# The Derivative of the Natural Logarithm

The derivative of the natural logarithm is defined the following way:

$f(x) = ln (x)$

$f'(x)=\frac{1}{x}$

The formal proof of the derivative is provided at the bottom of this post.

The following example further explains the derivative of the natural logarithm. Remember that the derivative of a function gives you the slope of that very function, i.e. the first derivative gives you the slope of the function on a given point of evaluation. For instance, assume you have the following two functions:

(1)  $y_{1}=1x$

(2)  $y_{2}=ln(x)$

The first derivative of equation (1) is 1, i.e. $\frac{d y_{1}}{dx}=1$. This means that for each possible $x$ adding an additional $x$ will increase the value of $y_{1}$ by exactly one. You can see this in the graph below. The black line depicts $y_{1}=1x$. In contrary to $y_{1}=1x$ is $y_{2}=ln(x)$ not a constant function. $y_{2}=ln(x)$ is depicted as the red line in the graph below. You can see that the slope of the logarithmic function decreases monotonically in $x$. The slope of $y_{2}= ln(x)$ at a certain $x$ is $\frac{1}{x}$. Next time you do not remember the derivative of the natural logarithm just remember its functional form.
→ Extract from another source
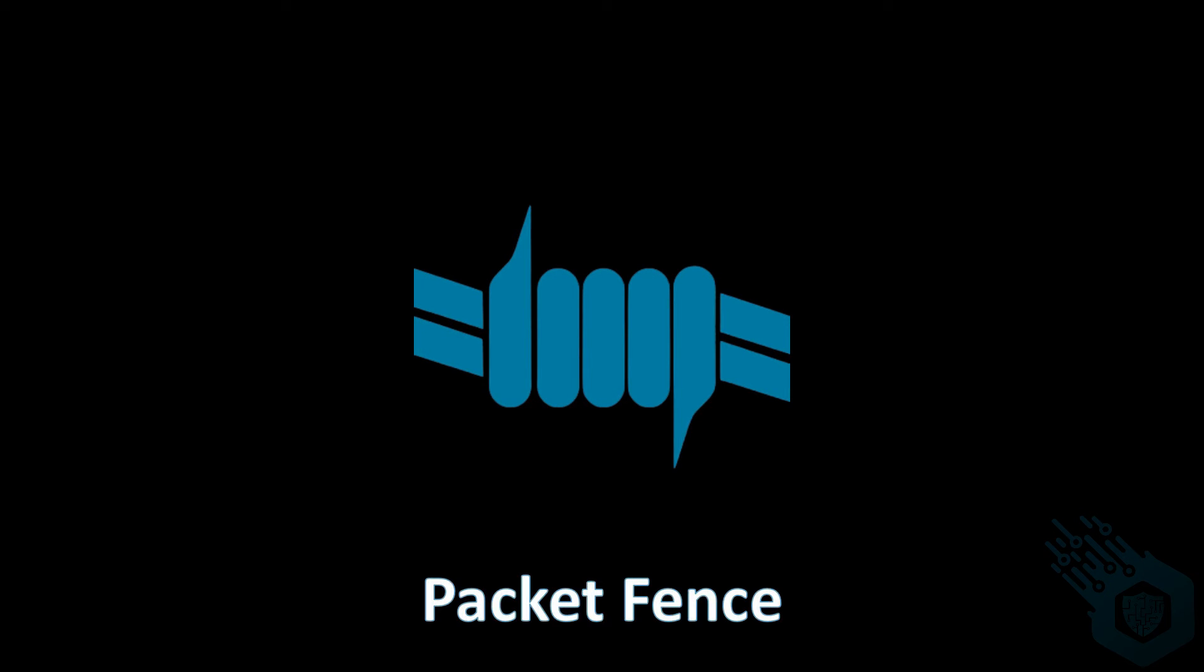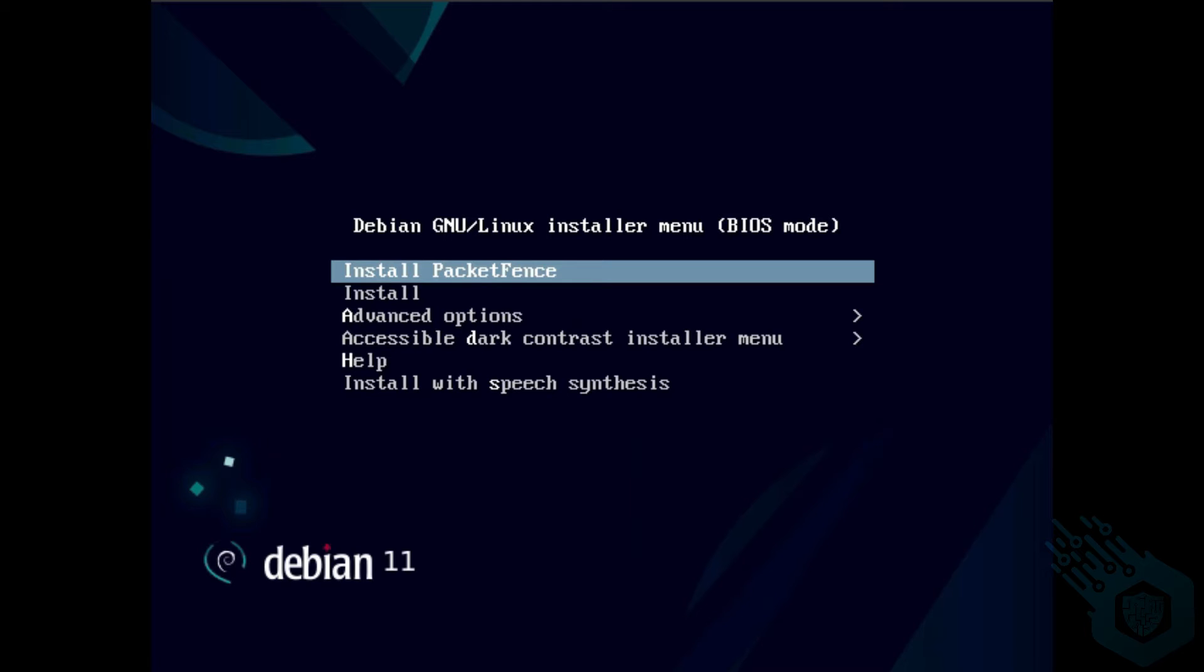Hi, welcome to this series about PacketFence. Today we're going to install PacketFence. To install PacketFence, I downloaded the ISO file and loaded it on my virtual machine.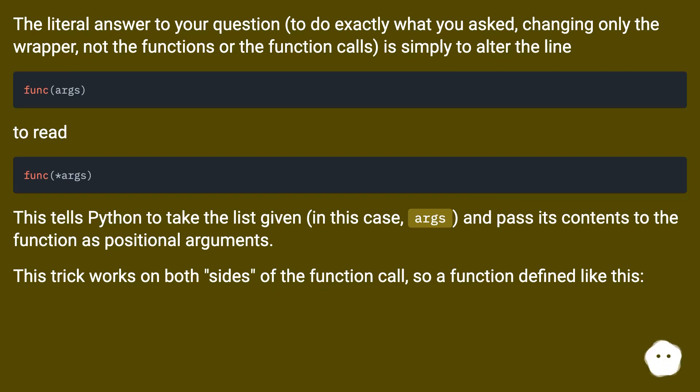This tells Python to take the list given, in this case args, and pass its contents to the function as positional arguments.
You will remember that the slop decreases with an increasing $x$ and remember that the derivative is simply $\frac{1}{x}$.

Formal Derivation of the Derivative of the Natural Logarithm

We begin with

(1)  $y=ln(x)$

we rearrange to (by taking the inverse definition)

(2)  $e^{y}=x$

Take the derivative of both sides with respect to x.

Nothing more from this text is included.